Nixon Cambodian Speech : Transcription of Speech
The Cambodian Campaign (also known as the Cambodian Incursion) was a series of military operations conducted in eastern Cambodia during mid-1970 by the United States (U.S.) and the Republic of Vietnam (South Vietnam) during the Vietnam War. These invasions were a result of policy of President Richard Nixon whose decision it was to invade. A total of 13 major operations were conducted by the Army of the Republic of Vietnam (ARVN) between 29 April and 22 July and by U.S. forces between 1 May and 30 June.
The objective of the campaign was the defeat of the approximately 40,000 troops of the People’s Army of Vietnam (PAVN) and the National Front for the Liberation of South Vietnam (NLF, also known as Viet Cong) who were ensconced in the eastern border regions of Cambodia. As great a prize as the defeat of these forces was the possibility of the occupation and destruction of large communist base areas and sanctuaries, which had been protected by Cambodian neutrality since their establishment in 1966. As far as the U.S. was concerned, such a course of action would provide a shield behind which the policy of Vietnamization and the withdrawal of U.S. forces from South Vietnam could proceed unmolested.

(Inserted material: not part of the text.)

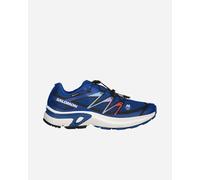 Salomon Xt Evr Gtx Milano Cortina 2026 M - Scarpe Trail - Uomo - Blu 41 1/3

A change in the Cambodian government allowed a window of opportunity for the destruction of the base areas in 1970 when Prince Norodom Sihanouk was deposed and replaced by pro-American General Lon Nol. Allied military operations failed to eliminate many communist troops or to capture their elusive headquarters, known as the Central Office for South Vietnam (COSVN), but the haul of captured material in Cambodia prompted claims of success and victory which remain controversial to this day.